Ce mardi 28 avril, lors d’une réunion au palais du Pharo, les 238 conseillers métropolitains s'apprêtaient à discuter du budget. Mais, à la surprise générale, la proposition a été écartée. Nicolas Isnard, nouvellement élu à la présidence de l'institution, a jugé qu'« il est impossible en l’état de présenter un budget où les recettes égalent les dépenses », alors que le déficit s'élève à 123 millions d'euros pour un budget global de 4,8 milliards en 2025.
Avec la direction de la métropole sous la présidence de Isnard, les maires des 92 communes semblent plus déterminés à exercer une pression sur l’État que de rectifier leurs dépenses. Cette dynamique est illustrée par les mots d’Isnard lui-même : « Je crois que l’État ne nous a pas crus quand nous avons déclaré que nous ne présenterions pas de budget. »
Un bras de fer imprévisible
La chute des dotations venant de l’État, estimées à au moins 120 millions d’euros sur deux ans, et l'augmentation des coûts liés aux projets du plan « Marseille en grand » sont considérées par les acteurs locaux comme les causes majeures de cette crise budgétaire. Cependant, accuser l'État de l'intégralité de cette situation pourrait sembler simpliste.
Il est indéniable que certaines décisions politiques, comme la gratuité des transports pour les enfants de moins de 11 ans et les seniors de plus de 65 ans depuis la rentrée 2025, ont aggravé ce déficit. Cette décision, coûtant près de 10 millions d’euros par an, parmi d'autres dépenses jugées superflues, alimente le rouge dans les comptes. Sur son compte Instagram, Jean-Marc Graffeo, conseiller métropolitain de Reconquête, évoque même une « gabegie financière », affirmant à Valeurs actuelles que des économies sont possibles sans augmenter les impôts : « Il y avait des choses à faire avec ce budget. Je pense notamment à des économies de fonctionnement et à s’assurer que toutes les subventions aux associations soient justifiées. »

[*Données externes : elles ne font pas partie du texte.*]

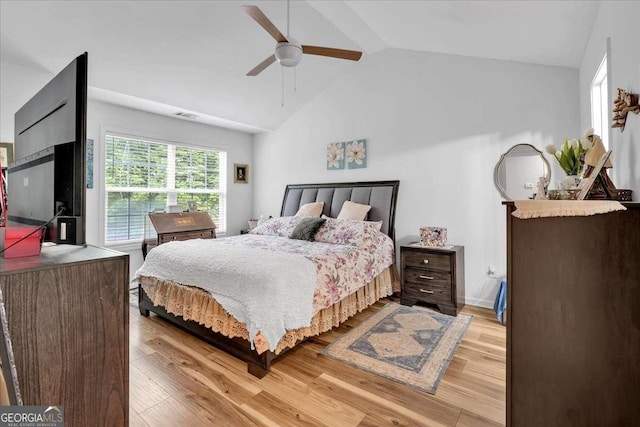 2205 Hoskin Ct NW Unit 9, Kennesaw, GA 30144 - bedroom with lofted ceiling, multiple windows, light wood-style flooring, and ceiling fan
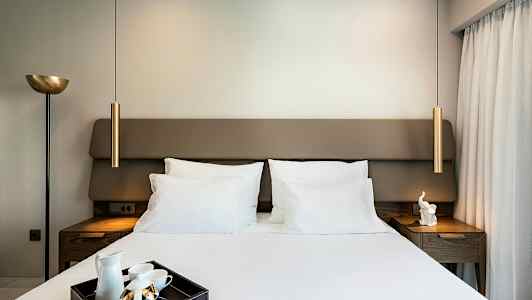 Et soveværelse med en dobbeltseng, hvide sengelinned og en bakke med teartikler på sengen. Lamper og natborde er på begge sider. (AI-genereret tekst)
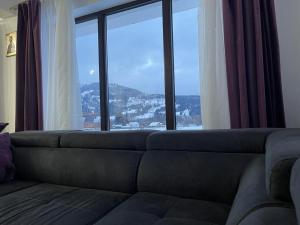 a living room with a couch and a large window at Casa EVA in Panaci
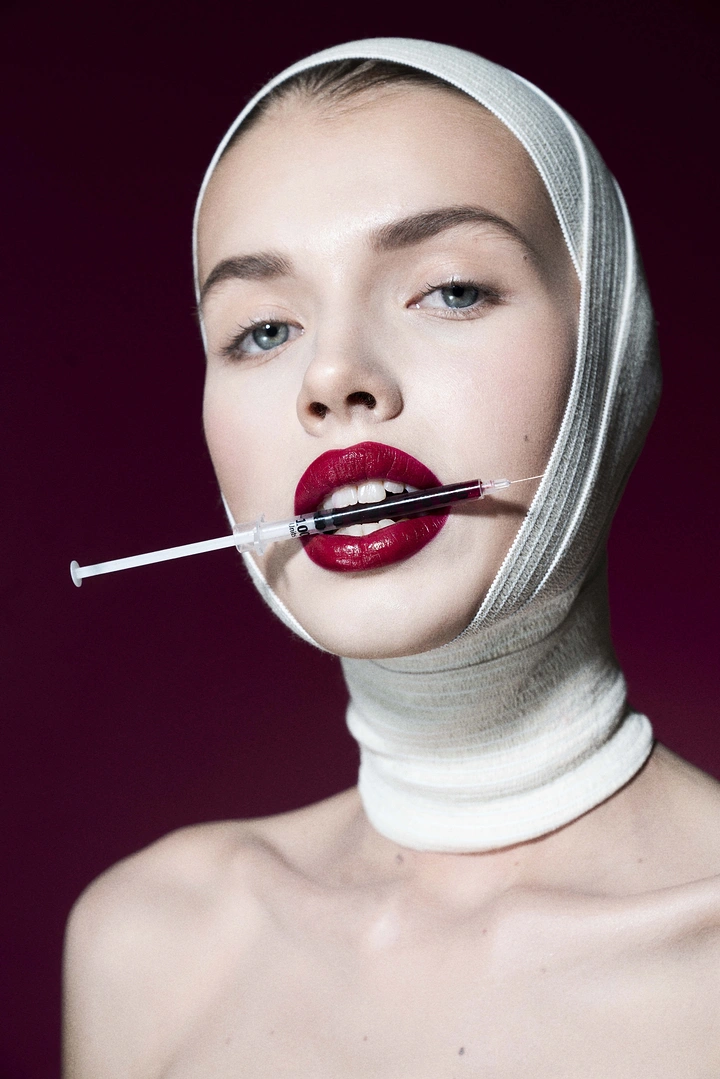 Plastic Surgery Clinics creative ad: Unexpected syringe-through-lips editorial composition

En réponse à cette impasse, un « plan d'économie d'urgence » a été mis en place. Ce dernier, axé sur la réduction des dépenses de communication et l'annulation de certains événements, pourrait permettre d'économiser 30 millions d'euros. Cela démontre que des solutions internes existent lorsque la métropole se mobilise.
Un tournant délicat
Malgré tout, la métropole affiche une réticence à réduire significativement ses coûts, tentant un coup de poker avec le retrait du vote du budget 2026. Si la situation persiste, un scénario plausible serait la mise sous tutelle de la métropole. Cette procédure impliquerait que le préfet saisisse la chambre régionale des comptes pour établir un budget alternatif dans un délai d'un mois, un événement déjà observé dans diverses communes, comme Pont-Saint-Esprit et Bussy-Saint-Georges, souvent accompagné d'augmentation des impôts.
Ce bras de fer avec l’État présente des risques considérables pour les résidents des 92 communes, d'autant plus que la lutte semble déséquilibrée face aux finances de l'État. Pourquoi alors la métropole choisit-elle de s’engager sur ce terrain risqué ? Ce qui se veut une preuve de force de la part de Nicolas Isnard pourrait en réalité englober une tentative de renvoyer la responsabilité des augmentations fiscales sur l’État. Comme le résume Jean-Marc Graffeo, il s'agit d'une « partie de ping-pong » entre les deux échelons de gouvernance. Le perdant de ce match ? Sans aucun doute, les foyers métropolitains.